Meanwhile they have held a muster of all the trained bands of the city, who number 12,000, and they talk of reinforcing the army with a part of them, since they did better service than was expected ; but many did not appear at the muster from fear of being immediately sent to the front.
The Earl of Warwick left with the money promised for paying the sailors, for which they are trying to get together 40,000l. though that will not be the eighth part of their indebtedness. He has orders to search the French ships which he suspects of taking men, money and munitions to the king, it being understood that a quantity of arms for this purpose are already laded at St. Malo and elsewhere, though the French say they are for merchants, for purposes of trade.
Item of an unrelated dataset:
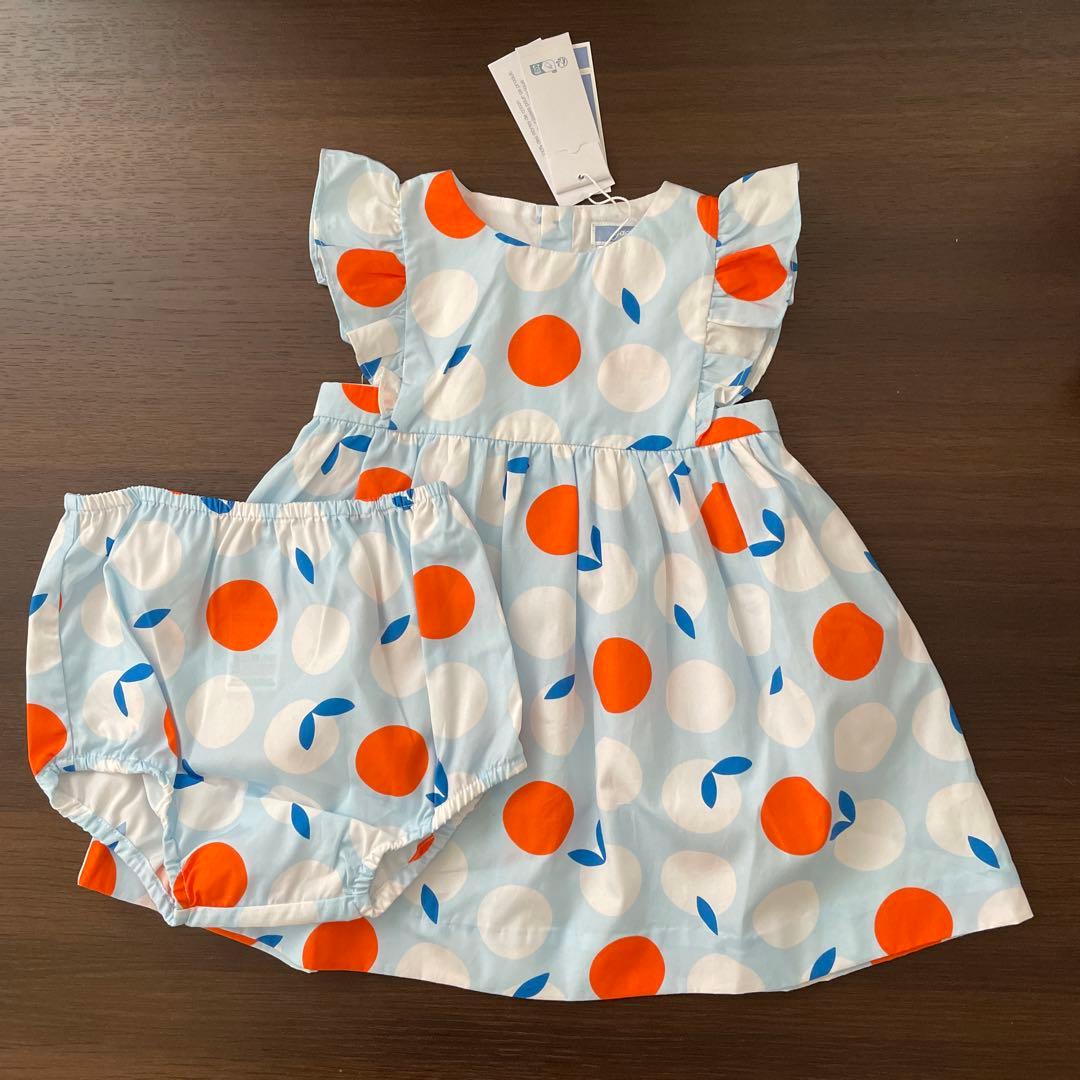 新品jacadi 18M 81cm 2025SSフリル付きワンピース ジャカディ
Newcastle, created marquis by the king, with all his forces, which are more powerful than the king's own army, is closely besieging Uls, in the hope that a body of cavalry gathered there by Fairfax to sally out and harass him, may consume their provisions and hasten a surrender. This has alarmed them here, and they have directed the Earl of Manchester to unite with Cramuel and proceed in that direction, Fairfax being directed to come out by sea with his cavalry and join them, which they say has happened. If Newcastle succeeds in this enterprise it will place a serious obstacle to the advance of the Scots, whose entry is referred to as very near. But although parliament, the synod and the commissioners of that country have solemnly sworn in church to the league, the 100,000l. sterling, which they claim in advance, has not yet been provided, and the monthly subsidy has not been settled, as they offer 20,000l. while the Scots claim 30,000l. and this will delay the levies and provisions. It is true that they have allowed them to introduce a garrison into Berwick, a place formerly so jealous, opening the way into England at their pleasure. The queen mother has sent a gentleman there on purpose to protest her resentment, that they should make war on the king, and Lodun, their commissioner, who has been staying some months in France, has gone there also to inform them of the feelings and intentions of the Court.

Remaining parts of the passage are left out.